[Caption-style text data]
# # # # #
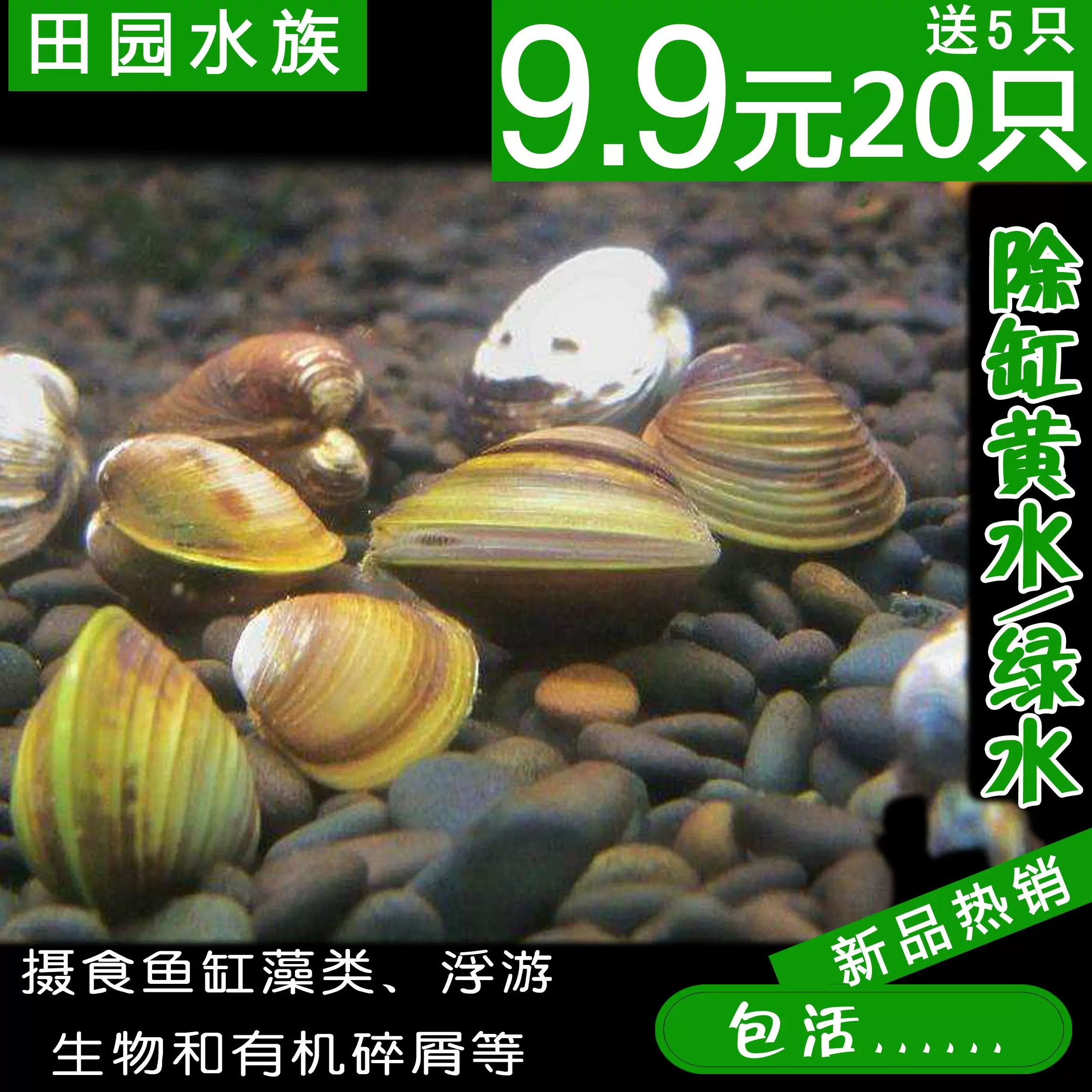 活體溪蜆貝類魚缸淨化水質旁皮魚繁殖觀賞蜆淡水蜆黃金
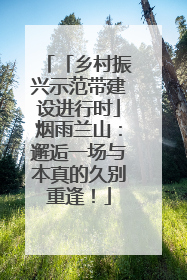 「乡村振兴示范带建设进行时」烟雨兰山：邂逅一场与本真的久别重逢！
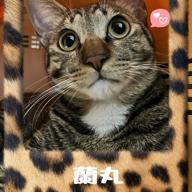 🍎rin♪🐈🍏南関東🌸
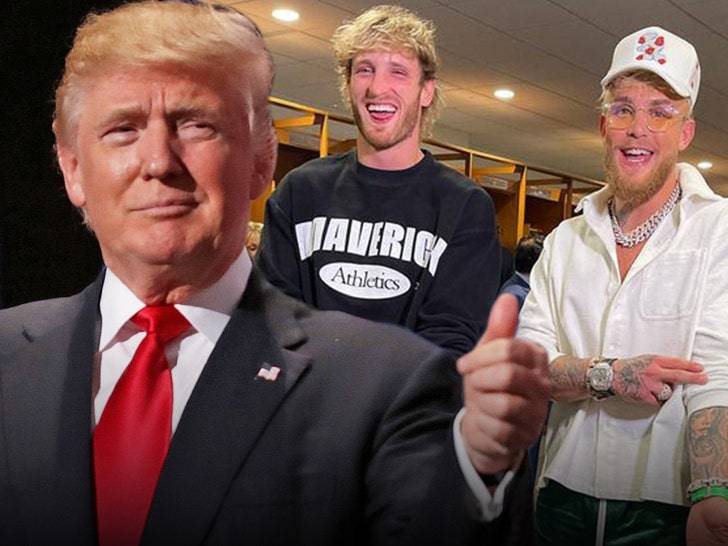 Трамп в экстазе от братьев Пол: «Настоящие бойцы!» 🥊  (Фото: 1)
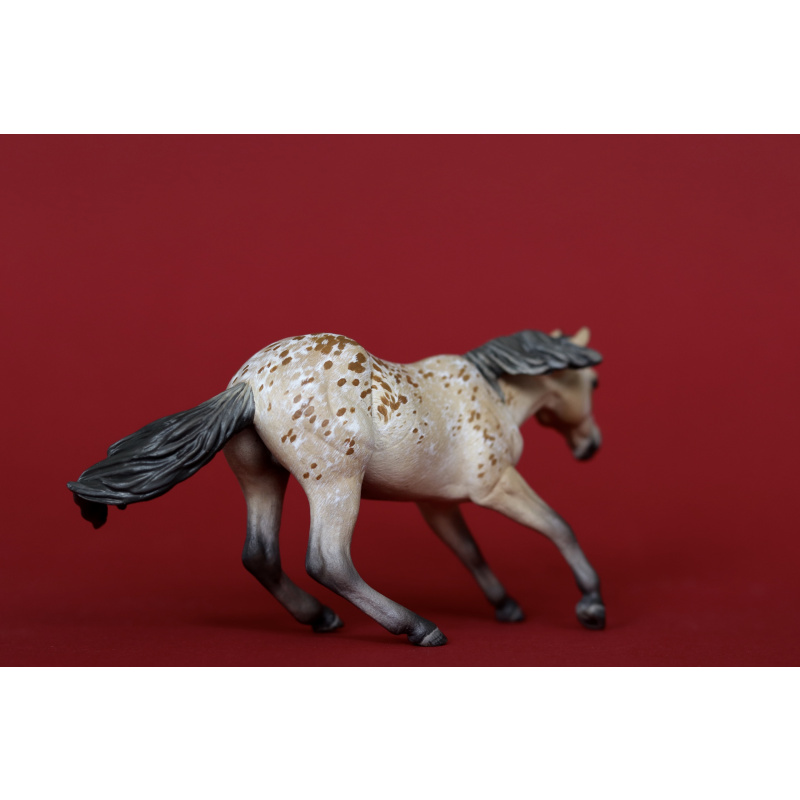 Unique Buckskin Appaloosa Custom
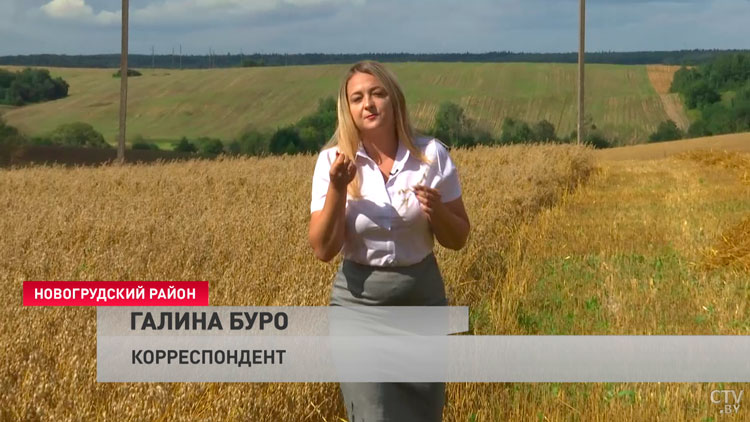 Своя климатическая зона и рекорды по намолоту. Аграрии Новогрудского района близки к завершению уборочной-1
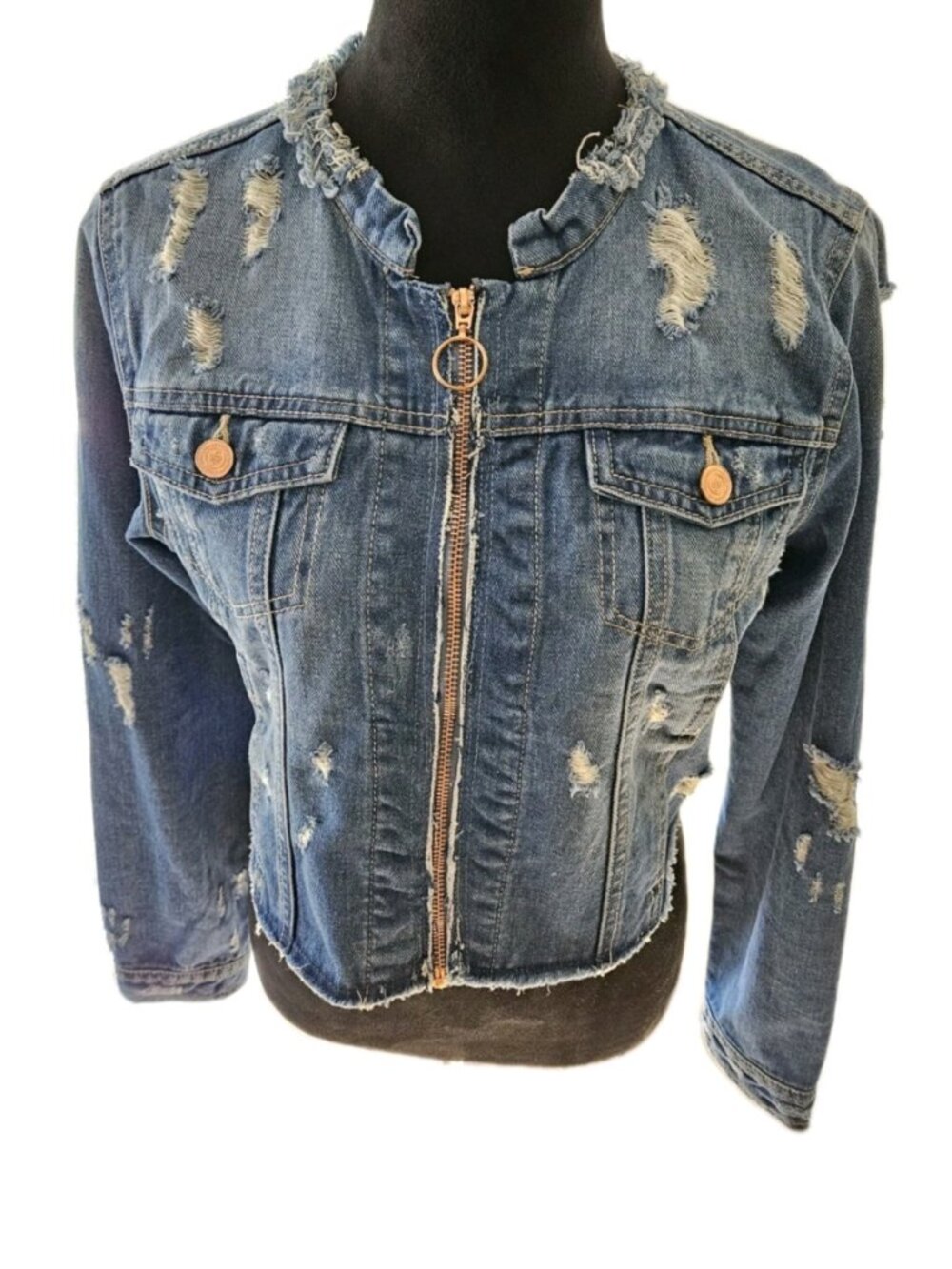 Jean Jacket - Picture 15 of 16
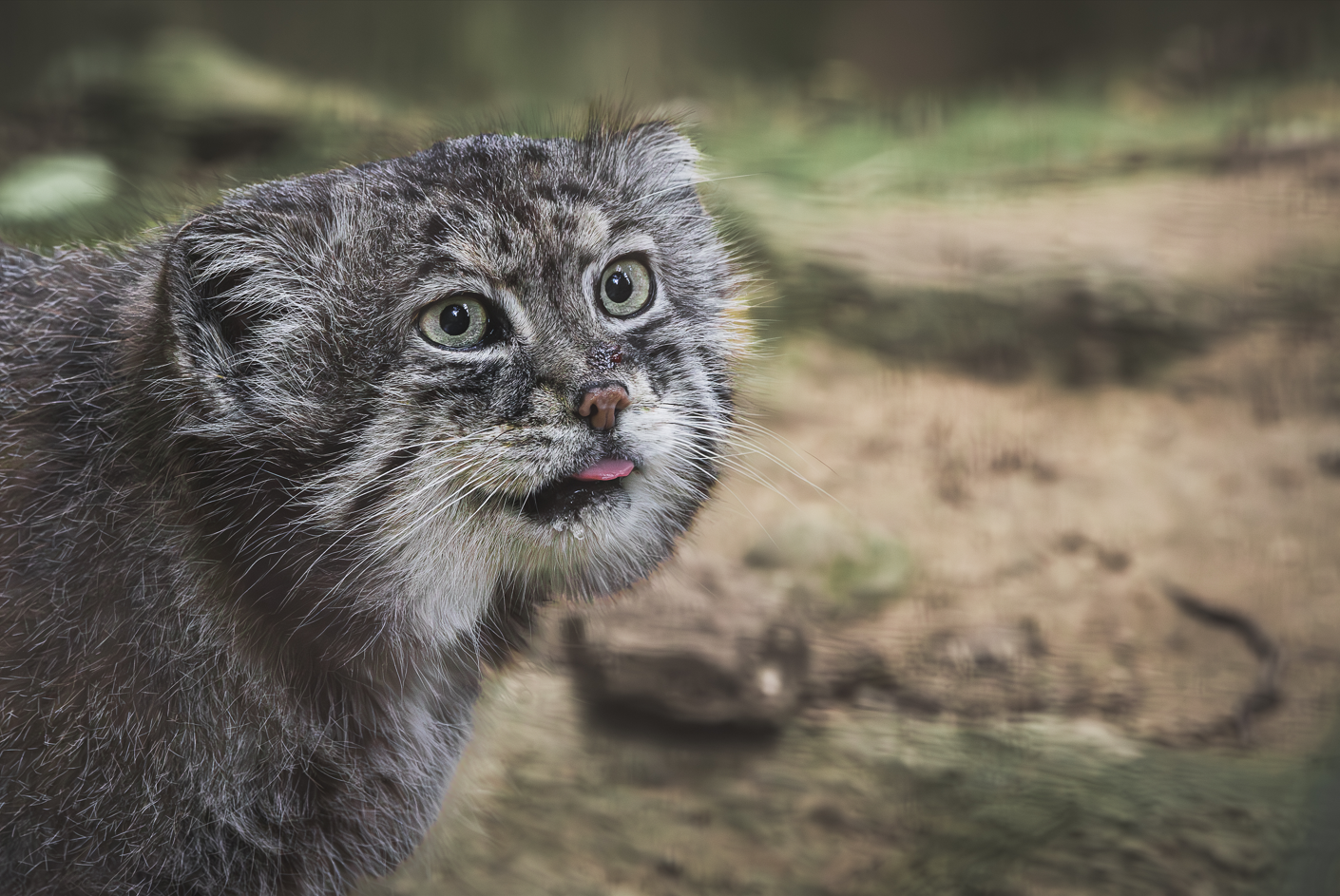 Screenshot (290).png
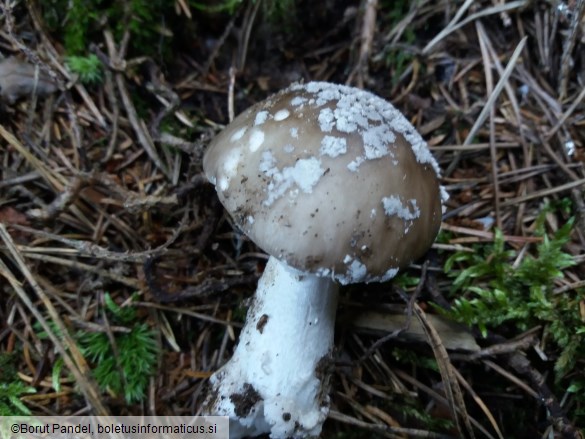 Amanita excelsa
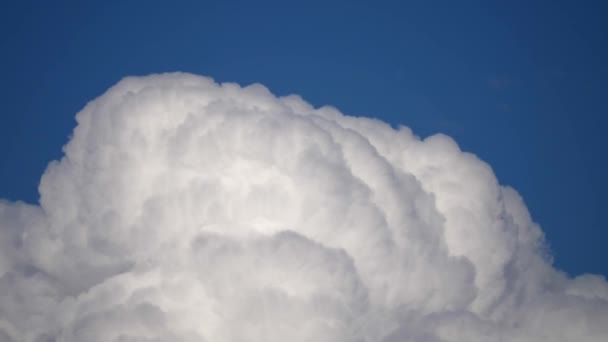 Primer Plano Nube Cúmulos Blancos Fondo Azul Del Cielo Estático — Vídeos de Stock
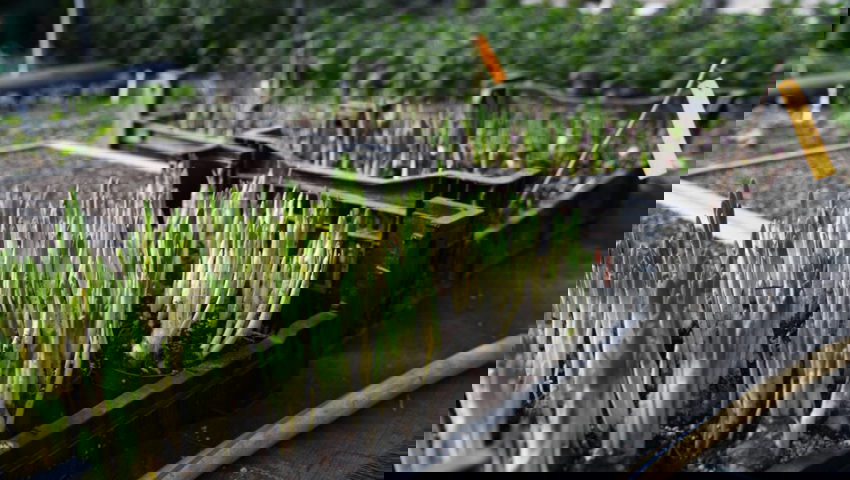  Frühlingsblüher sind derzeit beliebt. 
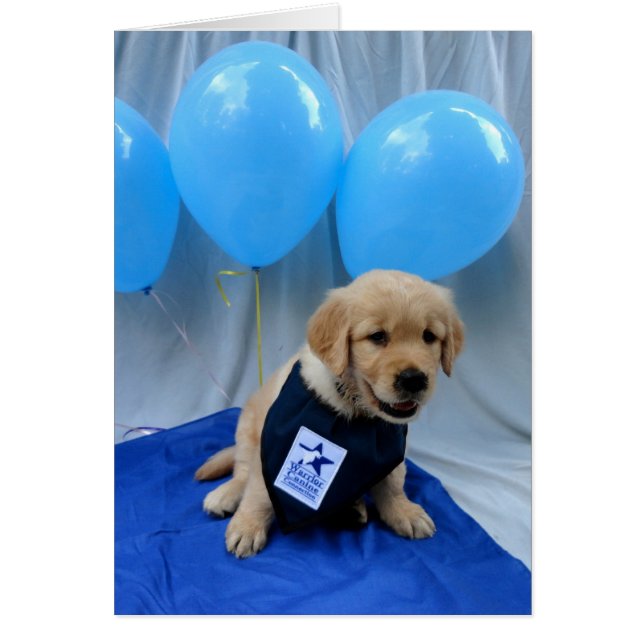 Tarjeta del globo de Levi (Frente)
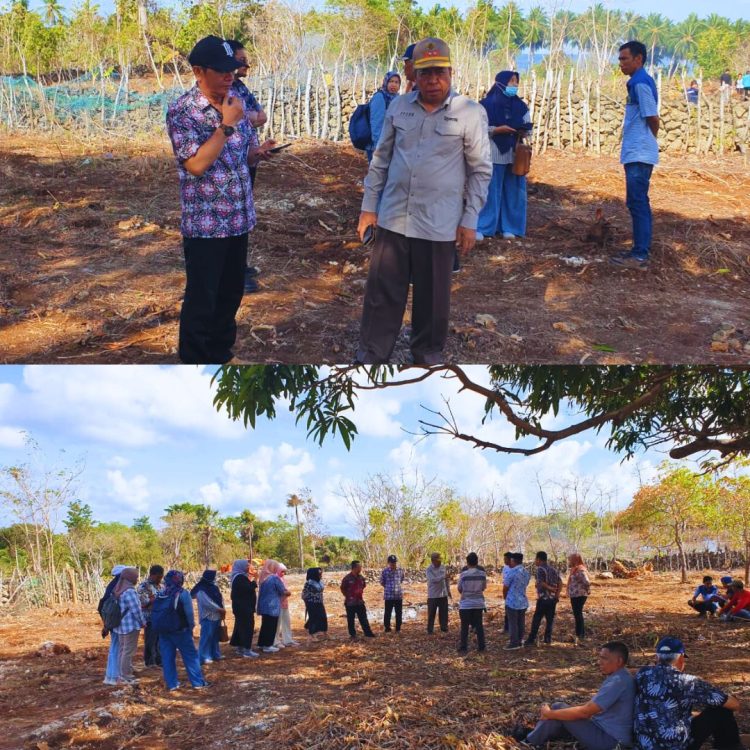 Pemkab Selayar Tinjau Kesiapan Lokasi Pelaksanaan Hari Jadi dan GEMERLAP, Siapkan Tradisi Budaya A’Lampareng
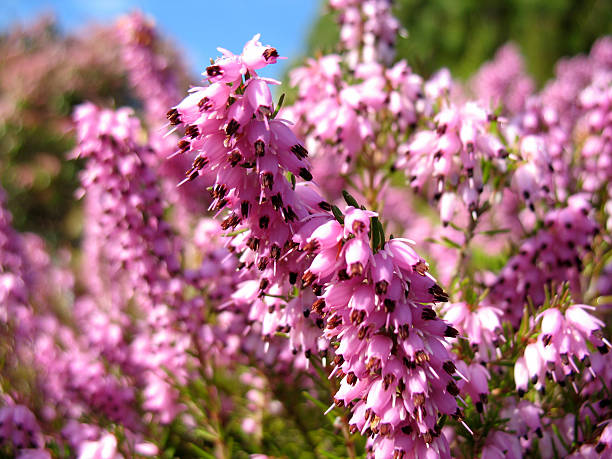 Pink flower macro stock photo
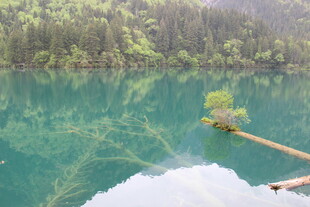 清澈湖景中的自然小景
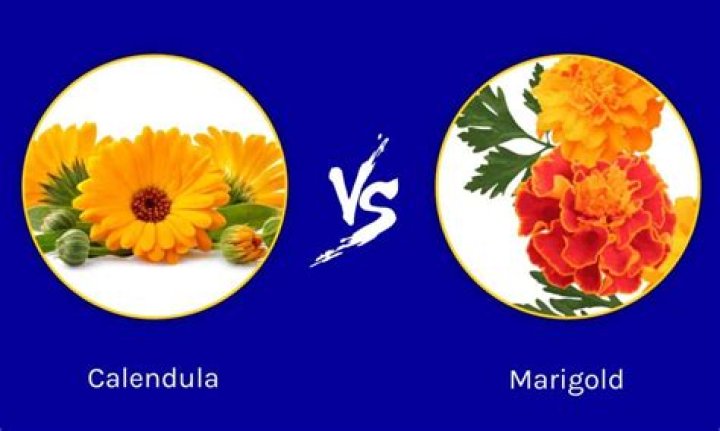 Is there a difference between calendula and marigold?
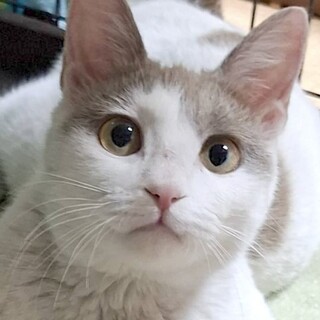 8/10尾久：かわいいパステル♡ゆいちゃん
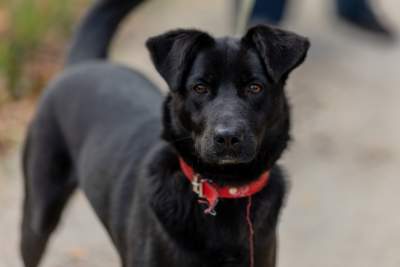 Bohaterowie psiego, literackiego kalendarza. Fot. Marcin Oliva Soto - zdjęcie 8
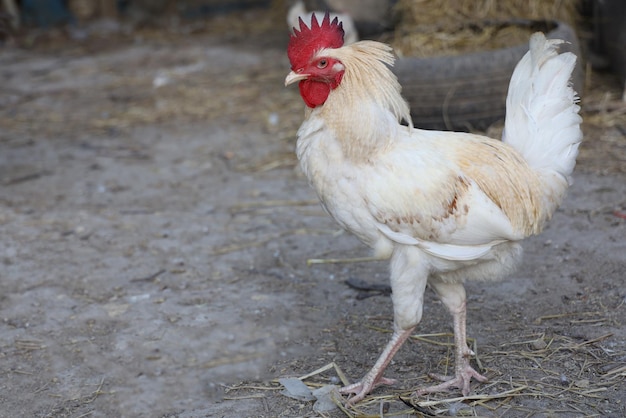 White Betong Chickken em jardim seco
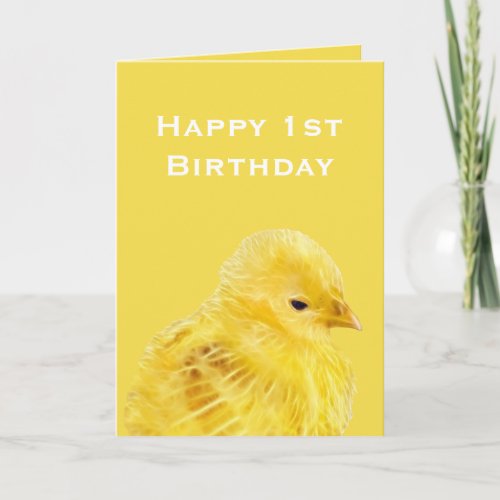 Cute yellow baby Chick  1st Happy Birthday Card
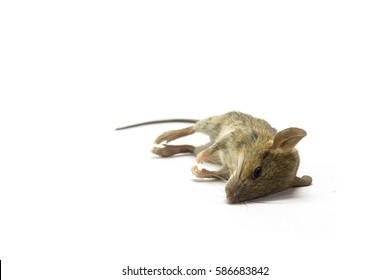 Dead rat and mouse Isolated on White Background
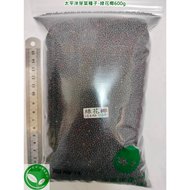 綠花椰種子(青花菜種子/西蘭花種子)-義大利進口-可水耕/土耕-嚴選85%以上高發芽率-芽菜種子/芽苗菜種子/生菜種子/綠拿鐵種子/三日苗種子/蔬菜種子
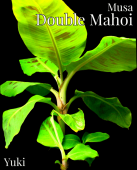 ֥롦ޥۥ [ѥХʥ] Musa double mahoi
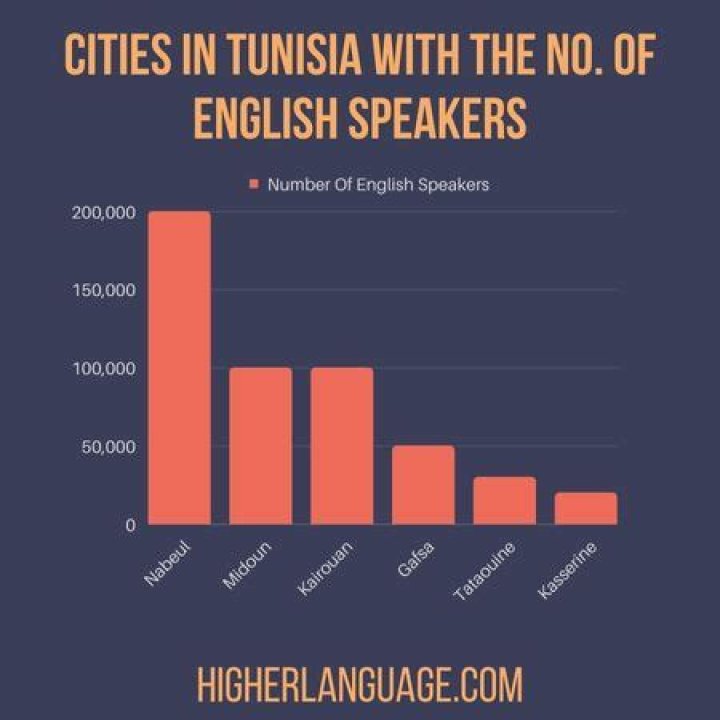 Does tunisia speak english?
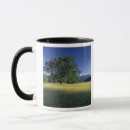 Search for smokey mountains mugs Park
# # # # #
Problem => Retype the entries above exactly. Stop after the line containing "Dead rat and", and omit the pictures.

Solved problem =>
 活體溪蜆貝類魚缸淨化水質旁皮魚繁殖觀賞蜆淡水蜆黃金
 「乡村振兴示范带建设进行时」烟雨兰山：邂逅一场与本真的久别重逢！
 🍎rin♪🐈🍏南関東🌸
 Трамп в экстазе от братьев Пол: «Настоящие бойцы!» 🥊  (Фото: 1)
 Unique Buckskin Appaloosa Custom
 Своя климатическая зона и рекорды по намолоту. Аграрии Новогрудского района близки к завершению уборочной-1
 Jean Jacket - Picture 15 of 16
 Screenshot (290).png
 Amanita excelsa
 Primer Plano Nube Cúmulos Blancos Fondo Azul Del Cielo Estático — Vídeos de Stock
  Frühlingsblüher sind derzeit beliebt. 
 Tarjeta del globo de Levi (Frente)
 Pemkab Selayar Tinjau Kesiapan Lokasi Pelaksanaan Hari Jadi dan GEMERLAP, Siapkan Tradisi Budaya A’Lampareng
 Pink flower macro stock photo
 清澈湖景中的自然小景
 Is there a difference between calendula and marigold?
 8/10尾久：かわいいパステル♡ゆいちゃん
 Bohaterowie psiego, literackiego kalendarza. Fot. Marcin Oliva Soto - zdjęcie 8
 White Betong Chickken em jardim seco
 Cute yellow baby Chick  1st Happy Birthday Card
 Dead rat and mouse Isolated on White Background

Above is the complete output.